Jika diperlukan anestesi umum, maka diberikan premedikasi antihistamin seperti
prometazin bersama dengan hidrokortison 100 mg. yang terpenting hindari laringoskopi dan
intubasi dengan anestesi yang dangkal, karena dapat menyebabkan brokspasme. Ketamin
cukup baik untuk induksi intravena, karena bersifat bronkodilator. Untuk tindakan yang
singkat, sebaiknya gunakan teknik masker wajah setelah induksi dan hindari intubasi.
Gunakan oksigen dengan konsentrasi 30% atau lebih untuk udara inspirasi. Jika dibutuhkan
intubasi, maka perdalam anestesi dengan inhalasi, kemudian lakukan intubasi tanpa relaksan
otot. Pada pasien yang dianestesi dalam dapat dilakukan laringoskopi tanpa menyebabkan
bronkospasme bila diintubasi. Eter dan halotan merupakan brnkodilator yang baik, tetapi eter
mempunyai kelebihan, yaitu bila terjadi bronkospasme, epinefrin 0,5 mg subkutan bisa

diberikan dengan aman, tetapi hal ini berbahaya jika diberikan bersama dengan halotan
karena dapat menyebabkan gangguan irama jantung akibat efek katekolamin.

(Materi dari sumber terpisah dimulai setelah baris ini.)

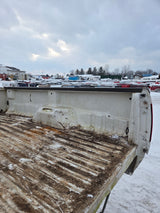 1999-2010 Ford F250 F350 Super Duty 8' Long Truck Bed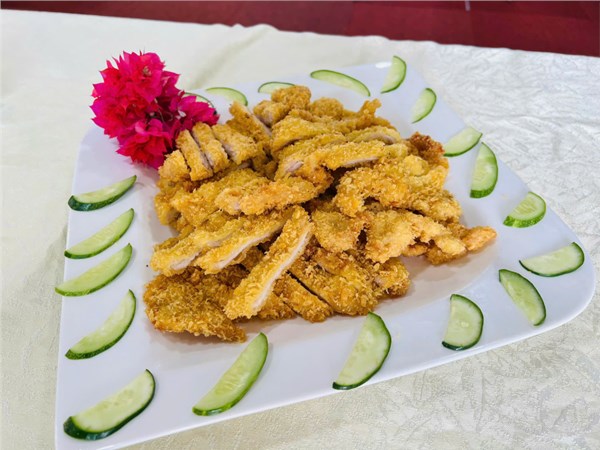  Ảnh đẹp tháng 11 - Tiệc Buffet chào mừng ngày Nhà giáo Việt Nam 20/11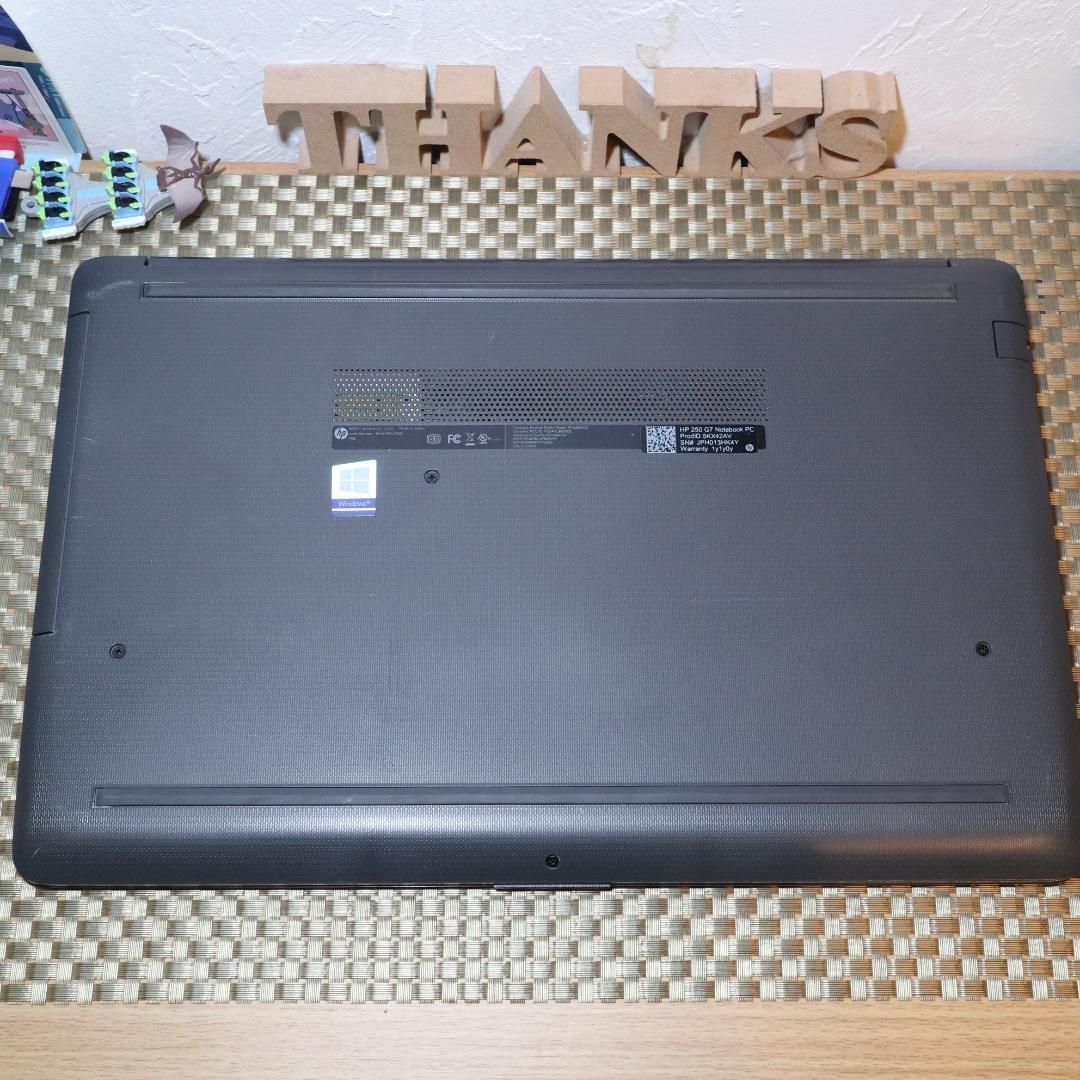 Win11公式サポート|8世代Corei5|メ8G|SSD|DVD|無線|カメラ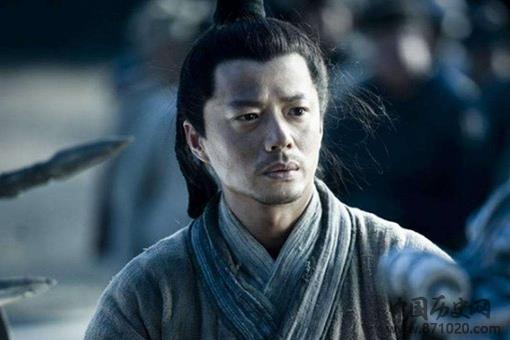 韩信死得有多惨 看看韩信最终是怎么死的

Sebagai
pengganti dapat diberikan aminofilin 250 mg intravena secara perlahan-lahan untuk dewasa.
Pada akhir tindakan jika diperlukan ektubasi lakukan dengan posisi miring dan
dengan anestesi dalam, karena stimuli laring dapat menyebabkan bronkospasme.

Anestesi dengan Bronkitis Kronis


Pasien dengan bronchitis kronis, mempunyai tingkat obstruksi yang tidak dapat
kembali lagi. Operasi elektif untuk abdomen atas harus dirujuk kerumah sakit besar, bila
perlu paru-paru diberikan ventilasi buatan selama 1-2 hari pasca bedah. Hati-hati terhadap
opioum, karena baiasanya lebih mudah menyebabkan depresi pernafasan. Untuk analgesia
abdomen bagian atas dapat digunakan blok interkostalis berulang. Dengan bupivakain 0,5%
blok ini dapat bertahan selama 6-8 jam, selama waktu ini pasien dapat bernafas dan
membatukkan sputum tanpa rasa sakit.